Shop on Black Friday

Valenciano adds that prevention also involves the creation of alternative rituals, such as resorting to second-hand goods or having an “external ally”, someone we trust with whom we can share the wish list to help us maintain control.

Ana has begun to apply some of these strategies in her own therapeutic process, which she continues with María Bernardo. “I’m working on incorporating some digital hygiene techniques into my routine, like silencing notifications, deleting shopping apps, and spending as much time as possible using social networks,” she says. Even so, he acknowledges that “what is most difficult is the issue of social networks,” to which there is constant exposure influencers and trends act as a trigger.

Asking for help and going to therapy should not be a last resort, but rather a sensible decision when discomfort or loss of control in this area becomes evident. “When there is an economic impact, a conflict with the partner or family, or when the purchase acts as the main emotional regulator and it has not been possible to change it, therapy helps to identify the triggering factors, train tolerance to urgency and build regulation alternatives that are maintained over time,” says Bernardo.

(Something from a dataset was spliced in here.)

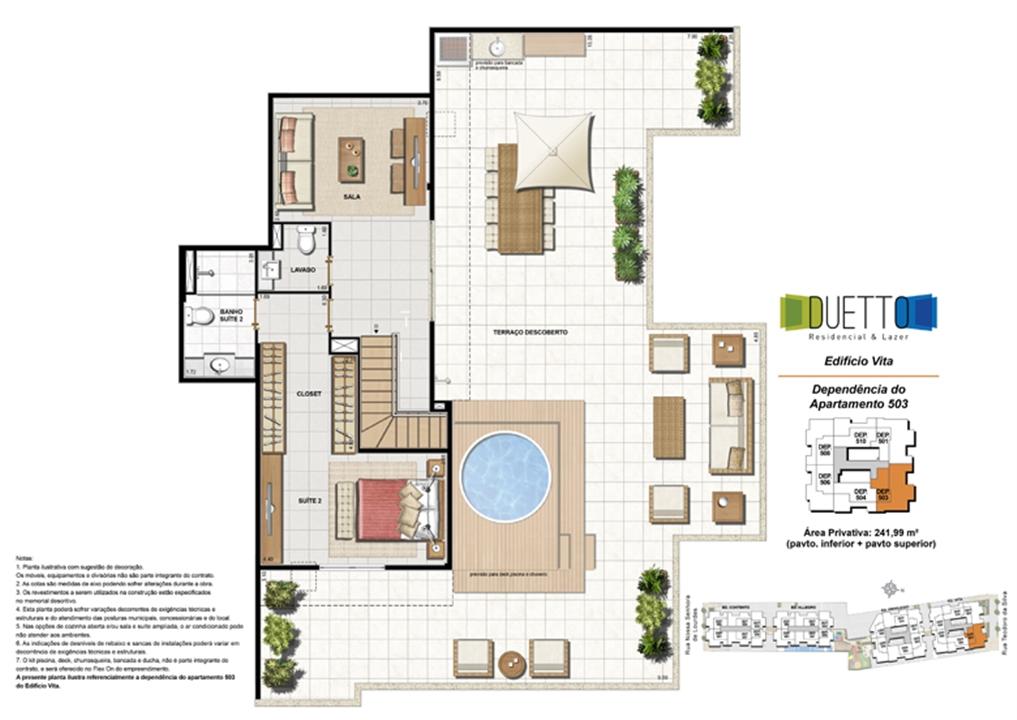 Cobertura Duplex - 3 Quartos com suíte - 241,99m² -pavto inferior+ pavto superior (2) | Duetto Residencial & Lazer – Grajaú - Rio de Janeiro - Rio de Janeiro Cobertura Duplex - 3 Quartos com suíte - 241,99m² -pavto inferior+ pavto superior (2) | Duetto Residencial & Lazer – Apartamento no Grajaú - Rio de Janeiro - Rio de Janeiro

Valenciano insists there is still a need to destigmatise: “Addictions, including shopping addiction, are a mental health problem. It’s not a vice or a lack of willpower,” he says. “These are people who suffer, who experience it with shame and guilt, and who have difficulty explaining it because they feel judged or because the environment underestimates the problem.” For him, family support is fundamental: “Accompanying instead of criticizing reduces suffering and improves healing.”